Digital transformation and its aspects are widely discussed both in the literature and in practice, with the main topics concerning the present and future of the global industry. However, many of the major concepts disseminated in depth in the literature still show low adoption in the manufacturing industry in Brazil. On average, the Brazilian industry is in the implementation stage and initial digital development of some technologies compared to other countries in the OECD. The reality of the national industrial scenario demonstrates that, although highlighted as the central aspect, many companies do not have a well-defined digital strategy or do not consistently apply it, corroborating the results that the implementation of technologies such as big data, analytics, and IoT still cannot be considered advanced in the country.

Another correlation factor between the literature and practice concerns the importance of the human element in leading digital transformation. Even though the literature presents several practices and methodologies for digital training, the reality of the Brazilian scenario shows a deficiency in the aspect of professional qualification that may be considered critical in the digitalization journey of Brazilian companies. However, it is evident that there are policies and programs aimed at digital education under development by both the government and the industries, a fact that jointly benefits the aspect of digital culture in organizations.

For companies to be efficient and agile in their digital transformation journeys, a clear integration among the digitalization project, its concepts, and the defined business plan is paramount. An organization's managers must initially develop and communicate questions such as the following: What are the long-term strategic vision and medium-term tactical vision that the company wants to achieve with the project? What is the socio-technical and organizational context of the implementation? What resources are needed, how much, and when? What are the expected returns, how much, and when? What is the implementation schedule, steps, activities, resources, and intermediate and final deliverables? What is the communication plan?

With these definitions, it is possible to understand important aspects for the project to be successful: who are the supporters of the implementation, the decision-makers, if there are needs for employee training, retraining, and/or relocation, which are the teams and profiles needed for implementation, and what is the degree of technological maturity of the company. Intangible returns such as image, mindset, and organizational transformation should also be considered.

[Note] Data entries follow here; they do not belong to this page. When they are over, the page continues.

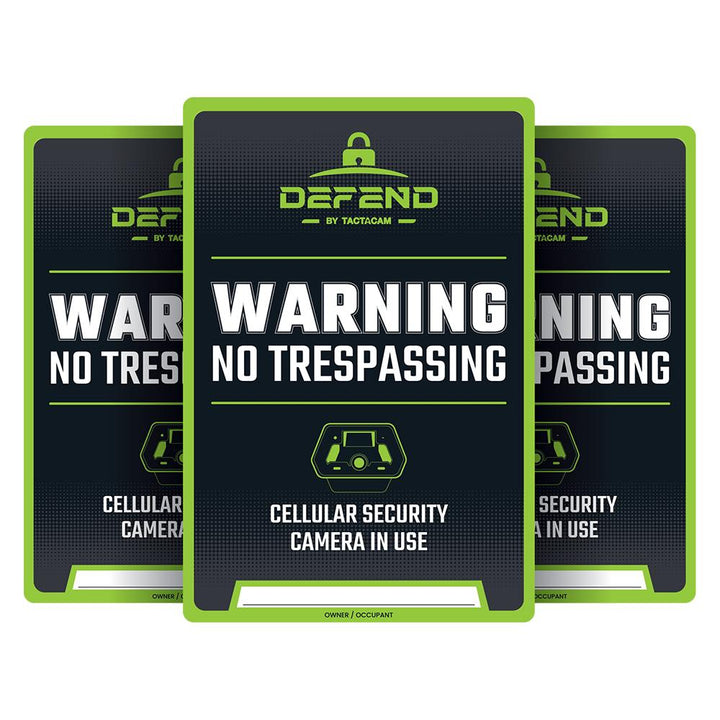 Tactacam No Trespassing Sign Pack 3ct 9x13 in Durable Plastic High Visibility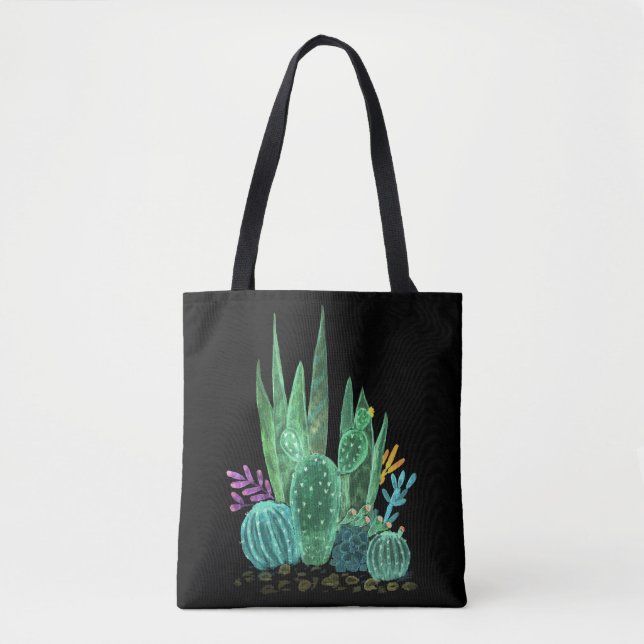 Bolso De Tela Acuarela, almohada de lanzamiento de cactus (Anverso)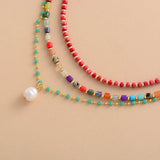 Multilayer Chokers Necklace Jaspers Crystal Statement Colorful Necklaces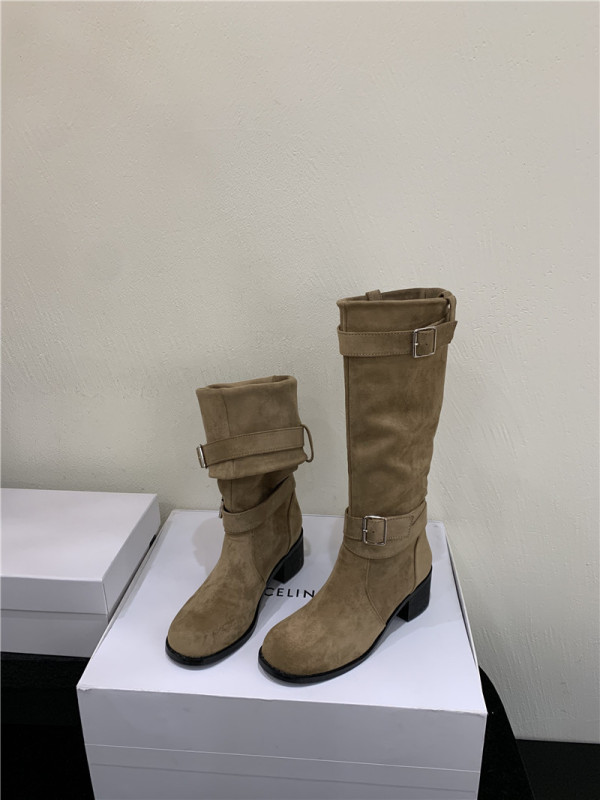 粗跟圆头绒面中筒靴女2025秋冬新款时装靴两穿女靴复古皮带扣短靴|undefined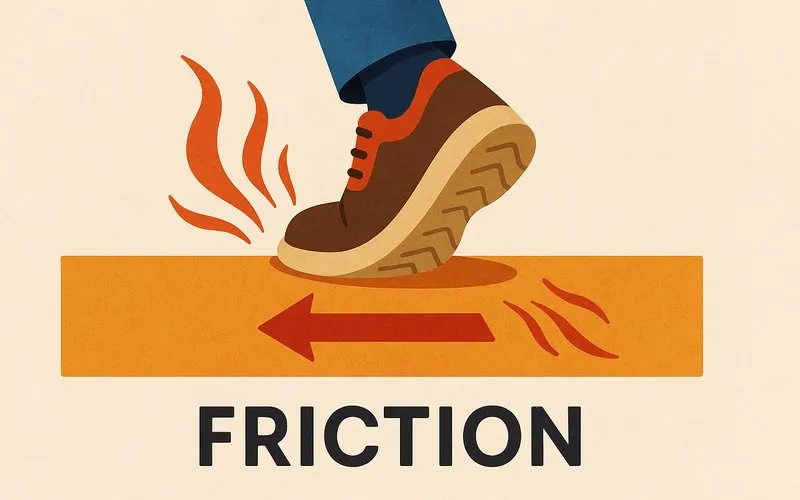 Friction: Force that opposes motion between surfaces in contact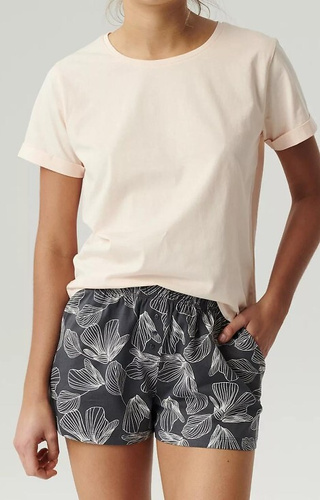 NLP-489 Piżama Damska  Atlantic- pudrowy-grafitowy 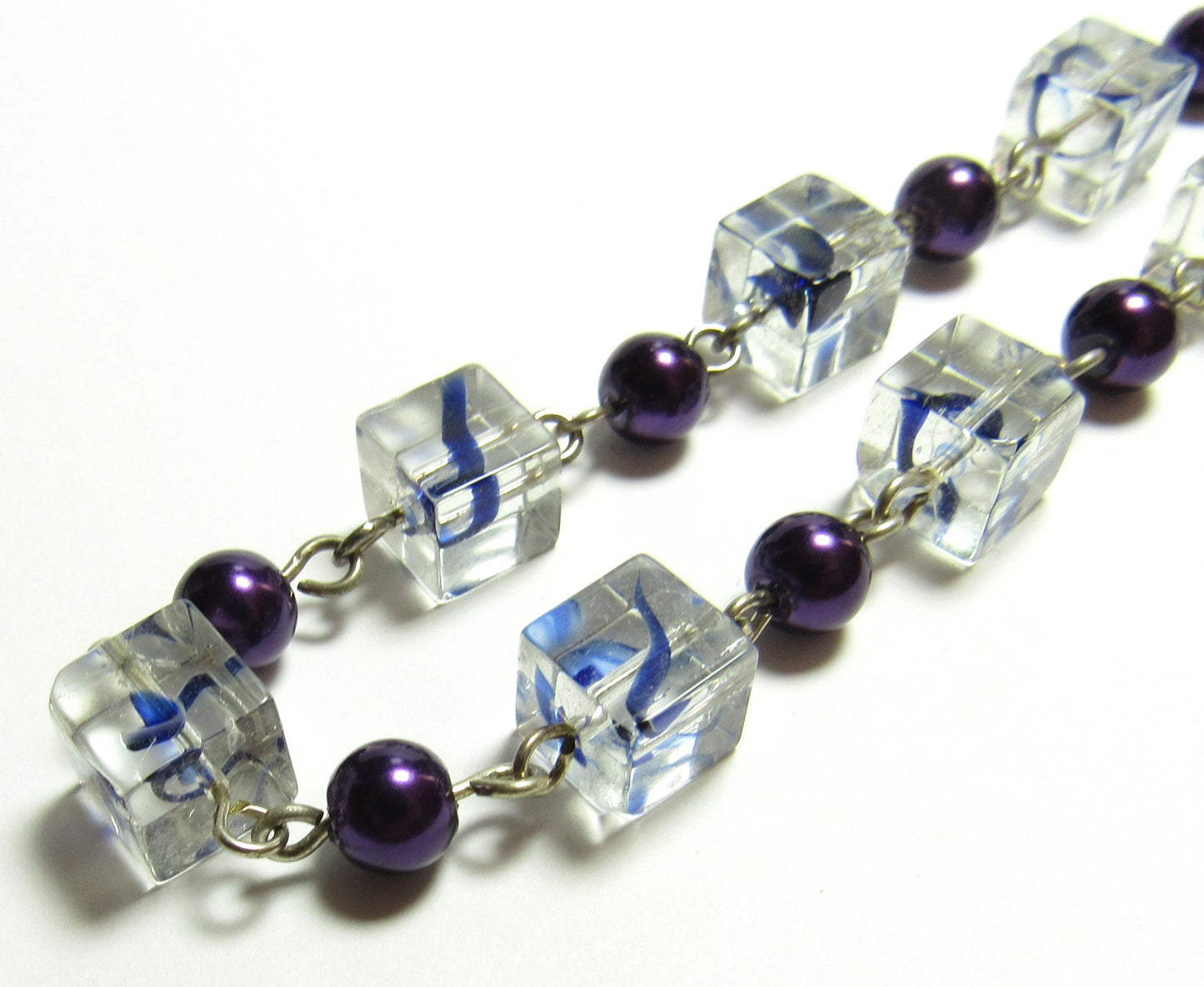 OOAK Blue Swirl Cube and Purple Pearl Czech Glass Bracelet
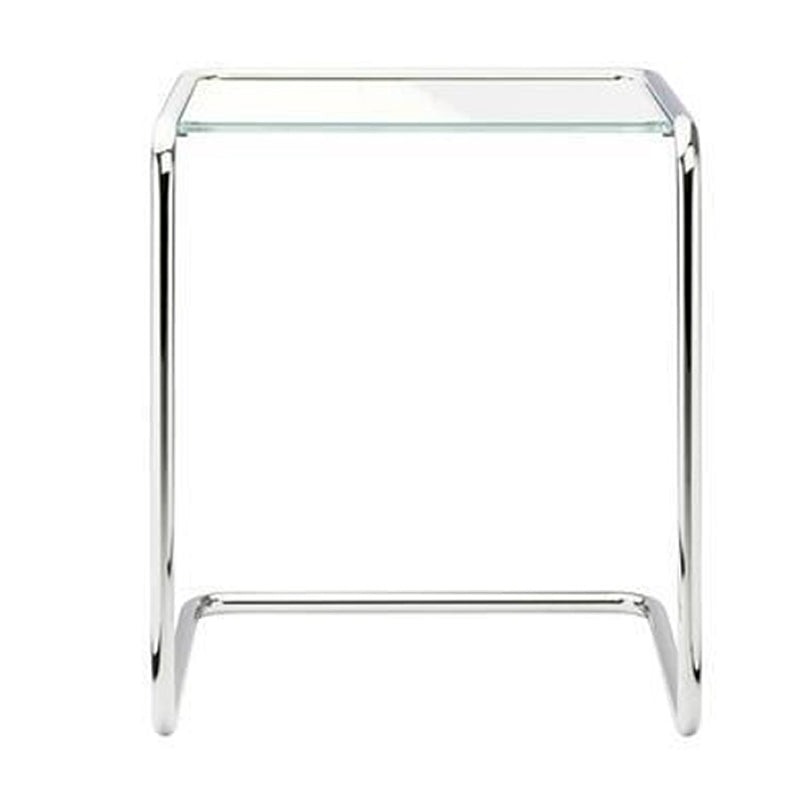17.7" W Modern C Side Table Rectangular Glass/Wood Top End Table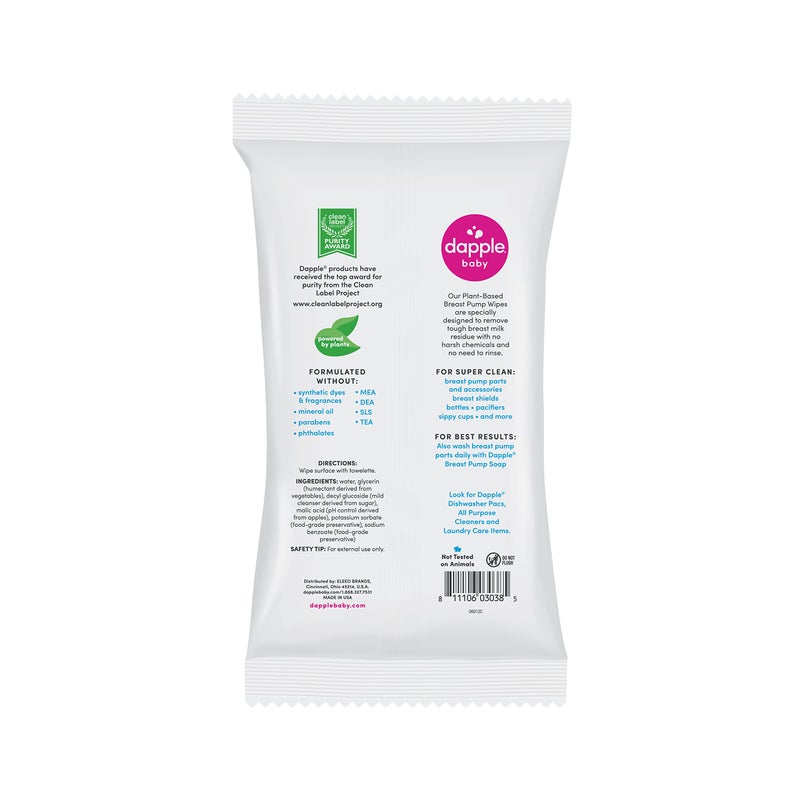 dapple Breast Pump Wipes by Dapple Baby, Hypoallergenic  Powered by Plants, Removes Milk Residue, Leaves No Taste, Convenient Wipes Pouch, Fragrance Free, 25 Count (Pack of 3) - Image 2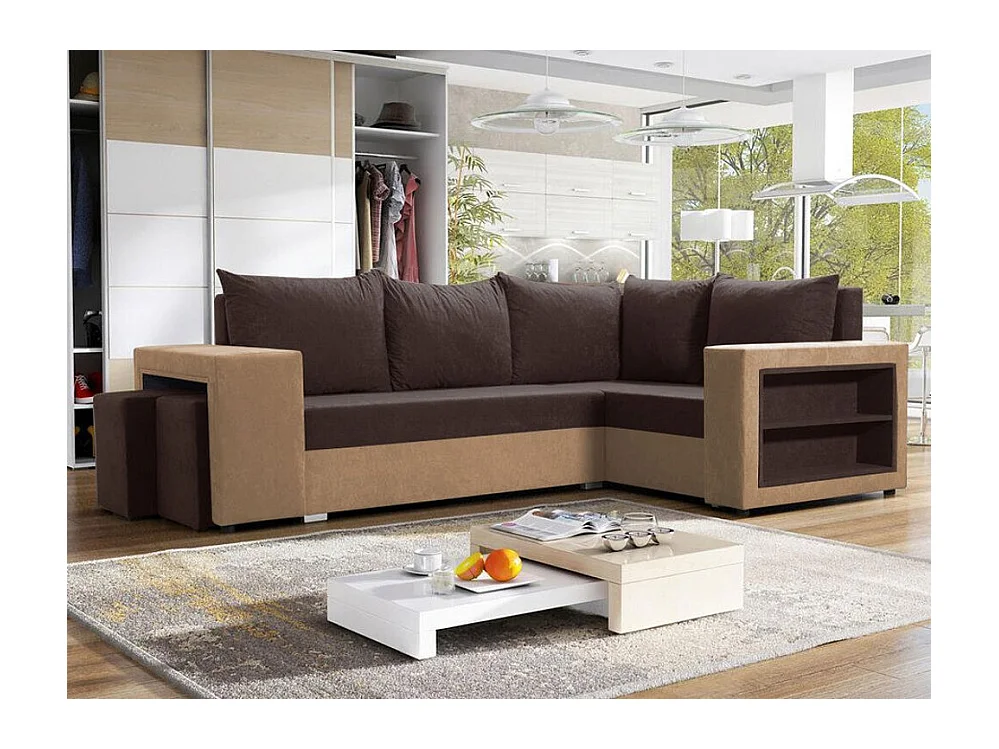 Canapé d'angle Muncie 103, Marron, Fonction de couchage, Boîte de literie, 250x162x85cm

Regarding operational management and vertical and horizontal integration, they were indicated in both analyses (theoretical and practical) as key aspects for digitalization, highlighting a bias towards manufacturing and transformation processes as the focus of practice reports and published articles. On the other hand, the actions aimed at using technologies with customer thinking are not so clearly reported by the companies, thus needing further deepening by the industry. Furthermore, sustainable resources management is not mentioned in the industry and government reports as a significant aspect of the digitalization journey.

5. Conclusion

The purpose of this article was to compare the available theory and the current stage of the digital transformation of Brazilian industry. The literature review showed that the main concepts to be implemented in the industry towards digital transformation are related to the organizational, procedural, and technological pillars. Based on these definitions, a roadmap was developed, which proposes macro steps towards digitalization. The comparison showed that the status of the digital transformation presents implementation gaps in relation to the theoretical aspects, indicating the existence of opportunities for improvements in the industrial scenario by the application of proper digitalization concepts, methods and technologies. A roadmap and application model specifically for the operations management aspect were described in order to illustrate potential benefits in terms of improved flexibility and productivity due to data integration and simulation-based optimization deployment.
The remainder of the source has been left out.